Dans le temple de la vallée de Chichibu, ville située dans le département du Saïtama-Ken, au nord-ouest de Tokyo, se trouve une statue d’une déesse allaitant un enfant, tout à fait inhabituelle dans les représentations classiques de Kannon.

Ê-ma de la Maria Kannon de Chichibu.
© A. de Monjour

Les ê-ma (littéralement, « image de cheval ») sont de petites planches de bois décorées sur une face d’une image et, de l’autre, l’espace est réservé pour écrire une prière ou un vœu. La plaque ainsi complétée est ensuite accrochée sur un présentoir dans l’enceinte du sanctuaire shintoïste ou du temple bouddhiste où elle a été achetée. Des visiteurs l’emportent parfois comme souvenir du lieu.

Ê-ma de cheval.
© A. de Monjour
Ê-ma devant le sanctuaire Shinto d’Ikebukuro à Tokyo.
© A. de Monjour

C’est l’un des éléments caractéristiques des sanctuaires shintoïstes car on demande ainsi à la divinité, le « Kami » auquel le lieu est dédié, de lire le message écrit sur la planche et, bien sûr, d’y répondre favorablement. Les ê-ma sont très populaires, on en trouve de nombreux dans les temples bouddhistes. Il est courant au Japon de retrouver des éléments d’une religion dans les lieux de culte de l’autre : shintoïsme et bouddhisme sont ainsi devenus indissociables l’un de l’autre.

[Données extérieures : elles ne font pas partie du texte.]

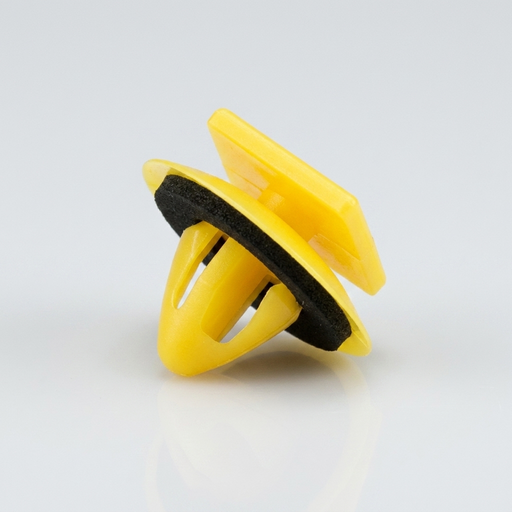 Kia Cowl Retainer 3042 - Hero shot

      Un ê-ma s’achète dans un des guichets du sanctuaire ou du temple et coûte de 500 à 1000 yens l’unité (environ 3,80 à 7,70 Euros). Toutes ces petites planches ont une face décorée, certaines encore d’un cheval mais le plus souvent d’un symbole, image d’animaux, élément d’architecture etc. en rapport avec le lieu, ou la « divinité locale » du sanctuaire. L’autre face est gardée libre pour y inscrire un message.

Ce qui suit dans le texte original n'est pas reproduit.